─── Dataset excerpt
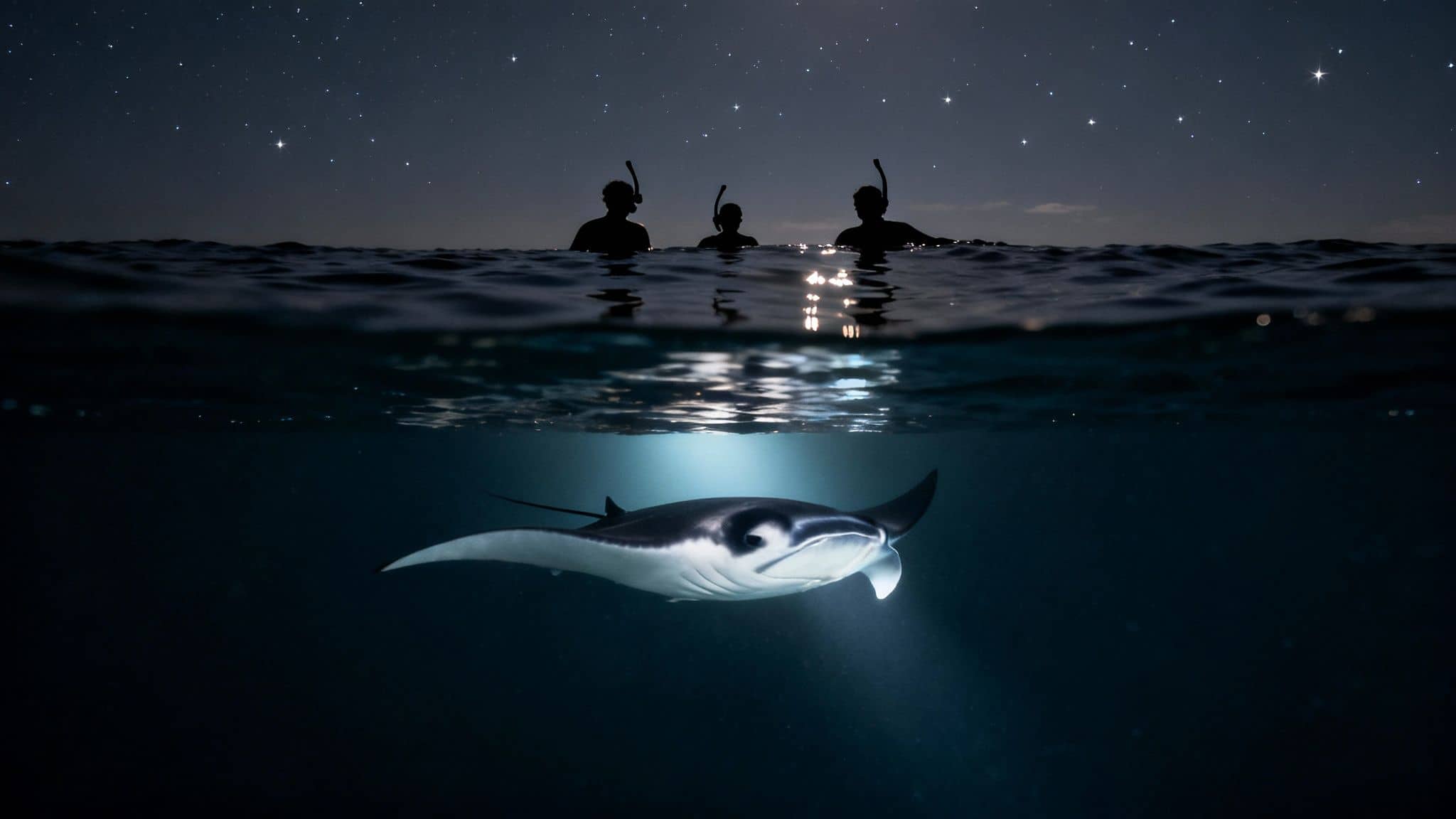 Split-shot photo of three snorkelers at night under starry sky, with a manta ray swimming below.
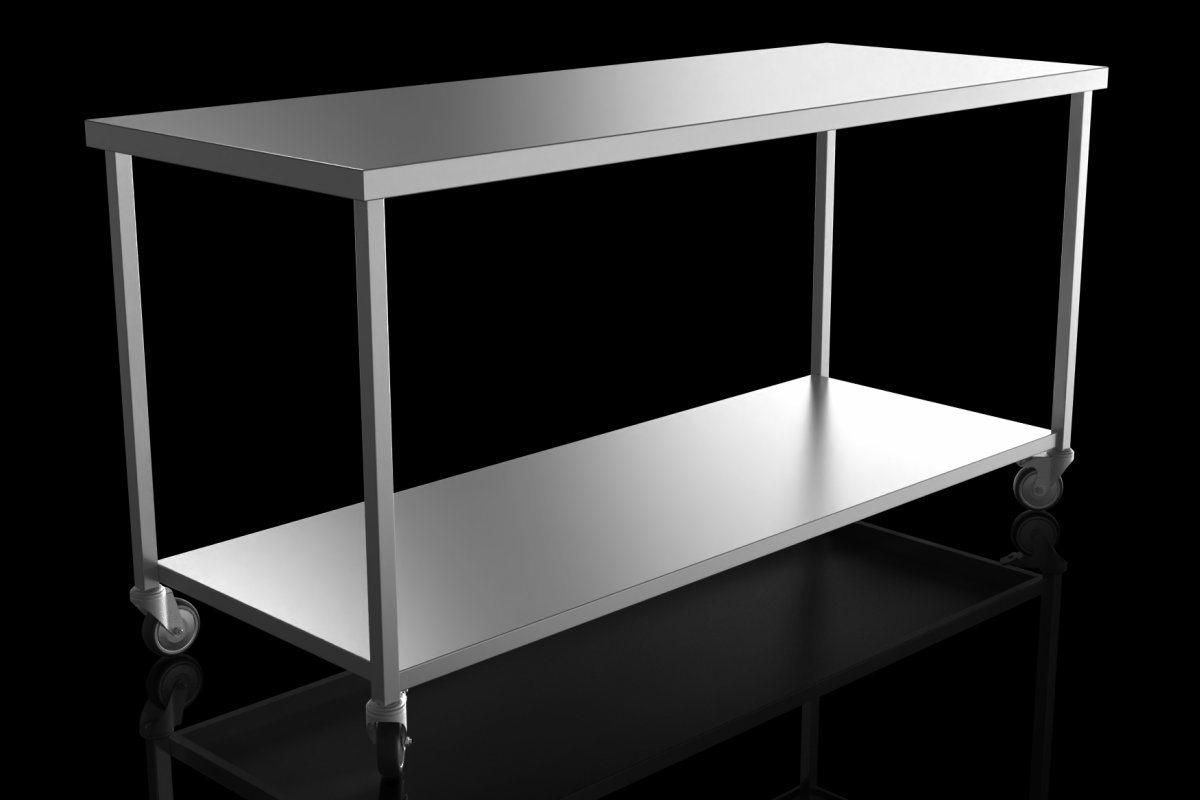 Nordstar Mobile Centre Table with One Undershelf 1800mm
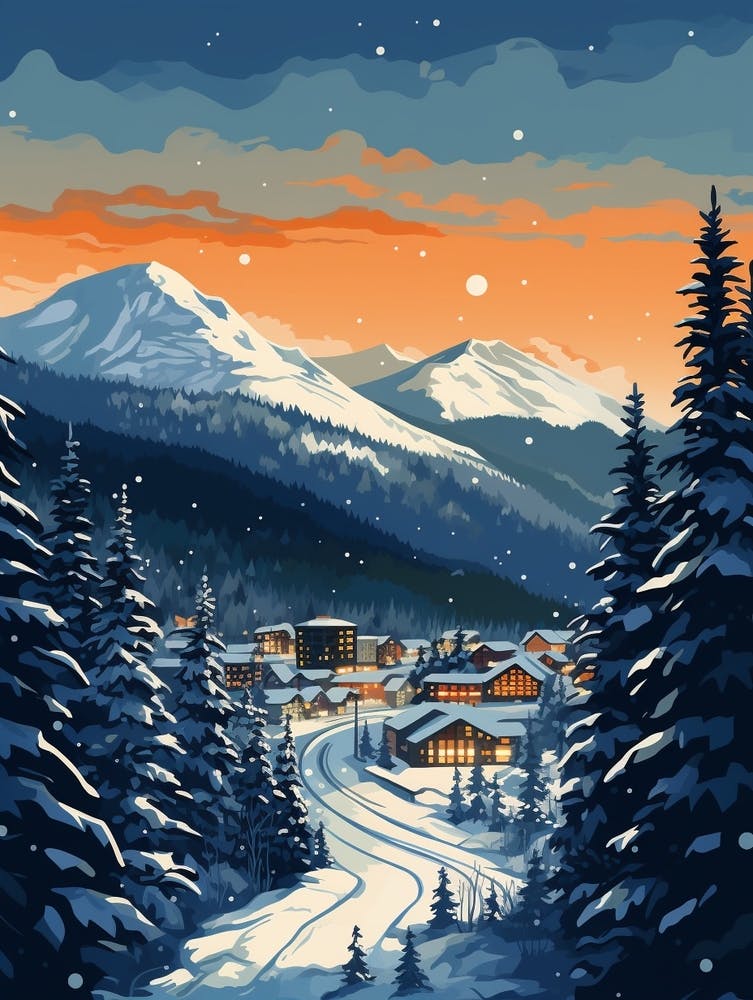Winter Travel Night Illustration Banff Canada 2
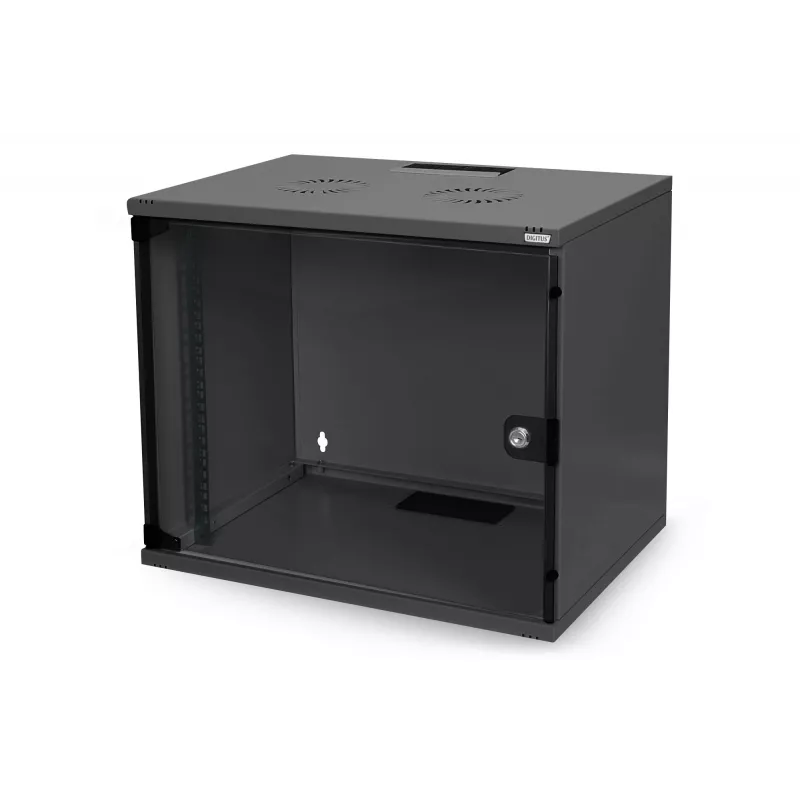 7HE sieninis montažinis stovas 370x540x400 mm su stiklo durimis, juodas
──────
__Exercise requirements__
Return all the material exactly, skipping pictures.

__Exercise result__
 Split-shot photo of three snorkelers at night under starry sky, with a manta ray swimming below.
 Nordstar Mobile Centre Table with One Undershelf 1800mm
Winter Travel Night Illustration Banff Canada 2
 7HE sieninis montažinis stovas 370x540x400 mm su stiklo durimis, juodas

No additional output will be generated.